When the armies of Saul and Goliath were encamped in the valley of Elah, an opportunity was given to every soldier in Israel to meet the Philistine giant, but the youthful shepherd, David, alone accepted it, and his name has been praised for thirty centuries.

An unlettered girl, a peasant in France, saw an opportunity to save the glory of her country, and with a courage that baffles human understanding Joan of Arc went forth to conquer.

When George III of England ascended the throne and began to oppress the Colonists, an opportunity was created for the American people to act. With sublime patriotism they arose to the occasion in defense of their rights, and historians allude to the inspiring event as the opening scene in the Revolution.

And when, by a stroke of diplomacy, Thomas Jefferson purchased from Napoleon Bonaparte the Louisiana Territory, one million square miles, or over six hundred millions of acres, for two cents and a half an acre, an opportunity was seized whose benefit to the American Nation no one can estimate.

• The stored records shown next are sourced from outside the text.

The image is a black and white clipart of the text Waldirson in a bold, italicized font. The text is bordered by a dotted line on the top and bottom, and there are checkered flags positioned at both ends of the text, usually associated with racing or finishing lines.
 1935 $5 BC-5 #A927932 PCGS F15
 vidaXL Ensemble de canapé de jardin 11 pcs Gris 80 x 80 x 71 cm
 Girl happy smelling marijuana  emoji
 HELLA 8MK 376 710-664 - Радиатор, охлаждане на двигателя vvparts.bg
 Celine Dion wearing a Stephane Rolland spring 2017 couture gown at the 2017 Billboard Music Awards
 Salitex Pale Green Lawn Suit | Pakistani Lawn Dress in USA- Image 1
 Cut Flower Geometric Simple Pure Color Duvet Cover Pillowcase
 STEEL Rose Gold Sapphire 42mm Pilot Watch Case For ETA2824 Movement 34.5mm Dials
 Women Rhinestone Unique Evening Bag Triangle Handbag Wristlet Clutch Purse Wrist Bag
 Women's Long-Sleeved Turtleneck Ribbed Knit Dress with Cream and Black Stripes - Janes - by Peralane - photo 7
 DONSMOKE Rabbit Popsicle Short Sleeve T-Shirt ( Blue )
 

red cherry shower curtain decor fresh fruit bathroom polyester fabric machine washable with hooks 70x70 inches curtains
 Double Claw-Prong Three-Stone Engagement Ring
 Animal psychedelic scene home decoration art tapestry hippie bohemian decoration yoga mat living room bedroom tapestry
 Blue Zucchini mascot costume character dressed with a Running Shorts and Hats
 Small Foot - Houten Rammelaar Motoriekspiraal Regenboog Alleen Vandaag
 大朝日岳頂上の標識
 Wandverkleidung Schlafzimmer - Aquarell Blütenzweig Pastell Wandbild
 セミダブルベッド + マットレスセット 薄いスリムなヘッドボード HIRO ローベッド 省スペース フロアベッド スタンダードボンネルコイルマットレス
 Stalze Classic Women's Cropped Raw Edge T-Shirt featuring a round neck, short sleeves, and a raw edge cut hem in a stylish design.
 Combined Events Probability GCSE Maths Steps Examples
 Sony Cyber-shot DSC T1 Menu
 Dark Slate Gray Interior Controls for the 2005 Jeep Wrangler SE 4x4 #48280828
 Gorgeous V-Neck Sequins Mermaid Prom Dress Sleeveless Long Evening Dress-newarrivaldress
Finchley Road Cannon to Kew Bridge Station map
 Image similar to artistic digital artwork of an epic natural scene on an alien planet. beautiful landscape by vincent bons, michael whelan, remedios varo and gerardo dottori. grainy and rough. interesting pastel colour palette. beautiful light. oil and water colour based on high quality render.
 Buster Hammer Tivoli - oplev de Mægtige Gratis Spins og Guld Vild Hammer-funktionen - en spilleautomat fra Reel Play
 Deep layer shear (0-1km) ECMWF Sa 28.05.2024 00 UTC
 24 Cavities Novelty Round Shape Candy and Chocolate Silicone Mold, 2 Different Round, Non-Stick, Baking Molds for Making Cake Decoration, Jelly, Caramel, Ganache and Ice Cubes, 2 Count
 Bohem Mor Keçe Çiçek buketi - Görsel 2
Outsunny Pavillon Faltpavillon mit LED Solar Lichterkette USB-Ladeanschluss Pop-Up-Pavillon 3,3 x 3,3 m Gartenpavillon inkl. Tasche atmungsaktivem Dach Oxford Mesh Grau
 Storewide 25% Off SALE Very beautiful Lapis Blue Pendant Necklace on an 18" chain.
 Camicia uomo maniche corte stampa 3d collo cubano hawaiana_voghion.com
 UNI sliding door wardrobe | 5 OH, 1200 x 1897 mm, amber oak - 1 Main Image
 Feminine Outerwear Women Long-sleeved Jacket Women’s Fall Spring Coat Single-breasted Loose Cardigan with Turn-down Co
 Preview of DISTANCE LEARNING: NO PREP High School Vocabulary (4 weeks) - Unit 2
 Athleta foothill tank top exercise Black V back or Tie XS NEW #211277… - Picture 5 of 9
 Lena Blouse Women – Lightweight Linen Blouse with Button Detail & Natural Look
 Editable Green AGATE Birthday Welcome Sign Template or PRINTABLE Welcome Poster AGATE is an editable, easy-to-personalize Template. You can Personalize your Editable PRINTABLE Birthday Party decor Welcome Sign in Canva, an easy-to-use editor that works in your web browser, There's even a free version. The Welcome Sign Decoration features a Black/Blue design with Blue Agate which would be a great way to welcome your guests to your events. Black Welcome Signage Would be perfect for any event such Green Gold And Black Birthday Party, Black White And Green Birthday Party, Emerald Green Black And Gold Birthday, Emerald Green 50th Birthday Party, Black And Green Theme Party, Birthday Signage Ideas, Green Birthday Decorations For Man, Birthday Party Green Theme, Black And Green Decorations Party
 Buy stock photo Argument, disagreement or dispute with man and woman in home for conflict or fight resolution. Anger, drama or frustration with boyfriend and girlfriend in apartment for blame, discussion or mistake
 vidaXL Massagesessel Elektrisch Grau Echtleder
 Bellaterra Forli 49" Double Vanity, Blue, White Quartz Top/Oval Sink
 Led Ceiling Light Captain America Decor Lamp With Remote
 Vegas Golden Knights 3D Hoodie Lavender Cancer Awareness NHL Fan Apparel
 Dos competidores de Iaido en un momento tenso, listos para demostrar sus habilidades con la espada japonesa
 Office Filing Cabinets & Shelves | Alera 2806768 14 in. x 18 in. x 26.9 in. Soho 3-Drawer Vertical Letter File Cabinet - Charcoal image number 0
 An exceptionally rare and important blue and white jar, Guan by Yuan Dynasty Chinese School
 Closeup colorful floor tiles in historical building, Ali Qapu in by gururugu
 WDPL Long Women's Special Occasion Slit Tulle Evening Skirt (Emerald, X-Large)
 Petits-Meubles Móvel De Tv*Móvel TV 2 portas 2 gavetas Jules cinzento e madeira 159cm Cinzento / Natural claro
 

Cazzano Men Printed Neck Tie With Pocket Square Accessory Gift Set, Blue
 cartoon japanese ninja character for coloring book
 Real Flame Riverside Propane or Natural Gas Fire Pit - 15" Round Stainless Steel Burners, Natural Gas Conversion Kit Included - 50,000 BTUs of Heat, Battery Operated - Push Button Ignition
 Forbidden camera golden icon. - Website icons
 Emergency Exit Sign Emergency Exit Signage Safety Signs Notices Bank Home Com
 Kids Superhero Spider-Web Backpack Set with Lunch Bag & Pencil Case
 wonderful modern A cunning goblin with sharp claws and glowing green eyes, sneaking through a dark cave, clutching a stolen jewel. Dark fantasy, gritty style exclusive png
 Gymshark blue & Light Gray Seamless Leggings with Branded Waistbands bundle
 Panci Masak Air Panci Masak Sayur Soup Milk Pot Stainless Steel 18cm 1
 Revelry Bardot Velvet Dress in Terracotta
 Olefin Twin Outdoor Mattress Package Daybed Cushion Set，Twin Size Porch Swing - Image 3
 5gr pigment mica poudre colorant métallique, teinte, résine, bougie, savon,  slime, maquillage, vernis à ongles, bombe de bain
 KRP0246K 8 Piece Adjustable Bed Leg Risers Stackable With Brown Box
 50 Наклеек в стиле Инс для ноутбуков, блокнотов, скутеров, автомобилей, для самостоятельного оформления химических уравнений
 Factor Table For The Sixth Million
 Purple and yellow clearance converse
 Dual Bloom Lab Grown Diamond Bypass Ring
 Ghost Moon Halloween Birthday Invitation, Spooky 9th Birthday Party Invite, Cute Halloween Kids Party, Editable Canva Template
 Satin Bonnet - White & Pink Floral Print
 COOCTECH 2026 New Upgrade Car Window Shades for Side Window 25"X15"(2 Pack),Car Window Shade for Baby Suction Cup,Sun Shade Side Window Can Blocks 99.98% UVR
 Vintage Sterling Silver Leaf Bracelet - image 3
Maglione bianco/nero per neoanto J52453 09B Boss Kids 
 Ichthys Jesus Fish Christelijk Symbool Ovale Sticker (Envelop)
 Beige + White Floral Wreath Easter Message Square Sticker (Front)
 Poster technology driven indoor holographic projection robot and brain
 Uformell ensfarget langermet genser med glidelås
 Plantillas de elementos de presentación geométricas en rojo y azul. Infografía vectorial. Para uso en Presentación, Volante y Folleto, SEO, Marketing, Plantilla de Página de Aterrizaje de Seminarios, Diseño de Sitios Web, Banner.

But if you would know a grand hero in whose life opportunity shone like Mars, read the life of Ulysses S. Grant--the man out of whose very failures evolved a most brilliant success. When, standing with leaden heart in the little store at Galena, the opportunity for a military life came knocking at the door, he welcomed it. For when morning broke on the 12th of April, 1861, and the first guns of the Civil War roared upon Sumter, Grant marched to the front, and soon became a brigadier-general "The spur of disappointed hopes, the fire of his ambition, and the iron will that lay back of many of his failures--all the qualities latent in the man of coming greatness, sprang into mighty being."